Under The Hood of Testing Big Data Applications

Author : Venkatagiri P

The Internet is filled with a lot of information on what big data is, the tools that are used to capture, manage and process big data sets. However, there is limited content available when it comes to devising a test strategy for big data applications or how big data needs to be approached from a testing point of view. Through this series of articles, let’s try and understand how traditional data processing is different from processing large data sets and look at how testers should strategize and approach testing for them.


In the older times, the traditional tester wrote simple read/write queries against the database to store, retrieve and compare data. Slowly, as the size of data started increasing due to business needs and newer technologies like Data Warehousing came into being, it mandated specialized skills which created a whole lot of designations within the tester community who were referred to as “Database Testers”, “ETL Testers” and “Data Warehouse Testers”. Now with the advent of big data, things are only getting more complex for the tester. What kind of challenges does it put forth to the tester? Does he need new skills?
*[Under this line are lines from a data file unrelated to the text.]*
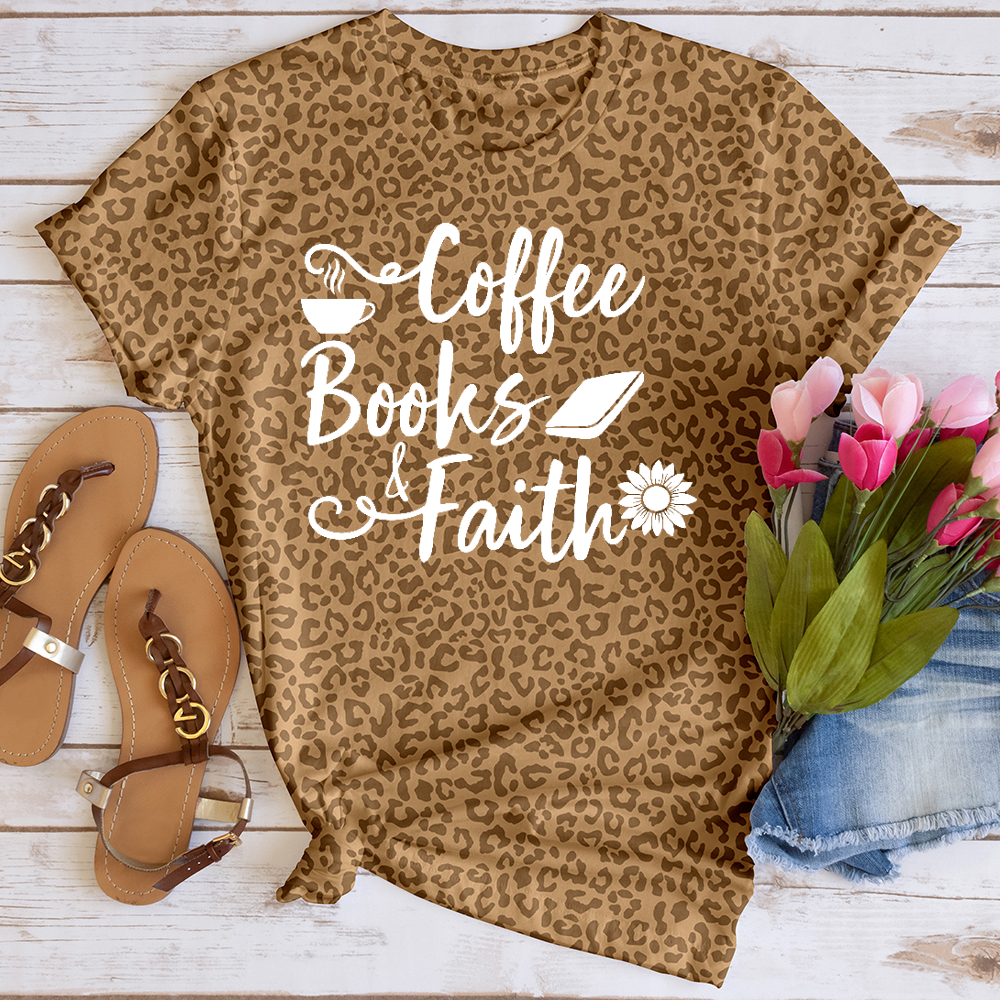 Coffee Books and Faith Leopard Tee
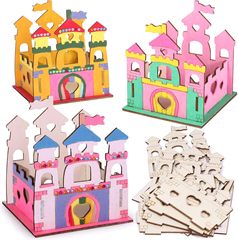 未完成の木製城セットプリンセス城木製工芸品ブラシ付きドリルは子供の祝日パーティーを貼ります。
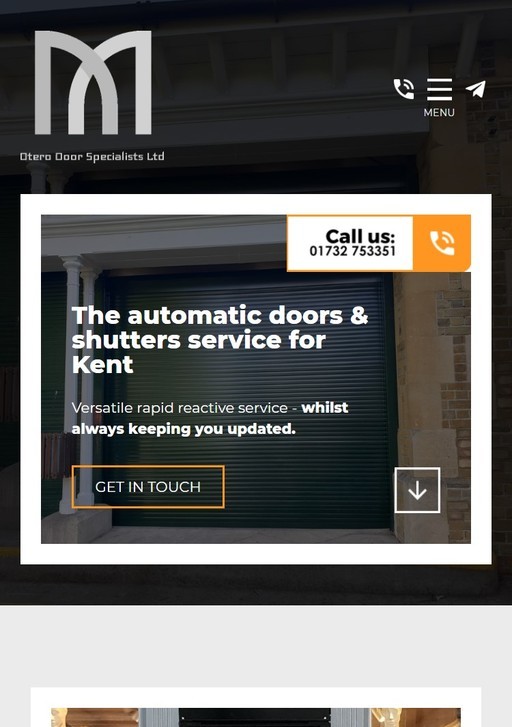 A responsive website design for an automatic door and shutter service in Kent shown on mobile.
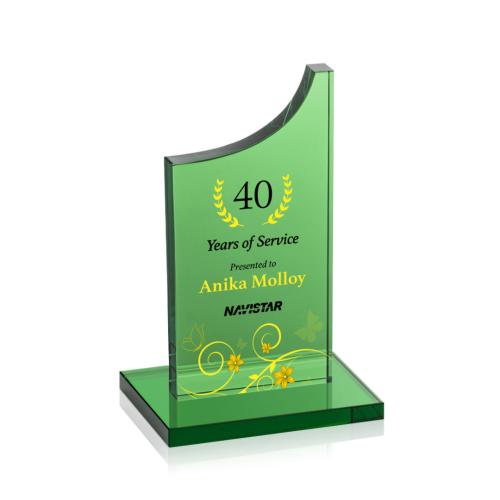 Awards and Plaques - Crystal Trophies - Fields  Full Color Green Peaks Crystal Trophy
How does he supplement his previous testing experience?


What is Big Data?
A classic definition as per the dictionary, is that big data is “extremely large data sets that may be analysed computationally to reveal patterns, trends, and associations, especially relating to human behaviour and interactions”

Lately, the term “big data” tends to refer to the use of predictive analytics, user behavior analytics, or certain other advanced data analytics methods that extract value from data, and seldom to a particular size of data set.

Examples of big data could be : Social Media data, Trading data from stock exchanges, Airlines data, Retail data, Web Page Analytics (including search engine data) etc.

Typically, Big data can be divided into the following types of data,

  • Structured data : Relational data.
  • Semi Structured data : XML and JSON files.
  • Unstructured data : Social media, Images, Videos, Blogs, Media Logs.


When thinking of testing big data applications, we need to keep the following key characteristics of Big Data into account at each stage of the Big Data lifecycle. These are primarily

Volume – The applications ability to handle large volumes of data at all stages – right from its ingestion to transformation before it can be consumed by the application, and the business logic to handle the volumes.


Velocity – Velocity refers to the speed at which data is being generated, produced, created, or refreshed. The approach to tests may change (the priority, focus) depending on this characteristic of data.


Variety – The source of the data and the ability of the application to handle structured data but also semi structured and mostly unstructured data as well will be a focus of test


Veracity – The level of “noise” in the data, the data cleansing algorithms used, and the resultant set, can play a part in impacting the focus & priority of the testing.


Variability – Another factor to keep in mind is the variability, which refers to data which is constantly changing, and how the end results can be validated.


In subsequent articles, we shall see how basing  a testing approach around the 5 characteristics, we can evolve an improved focus to testing at each stage of a big data lifecycle.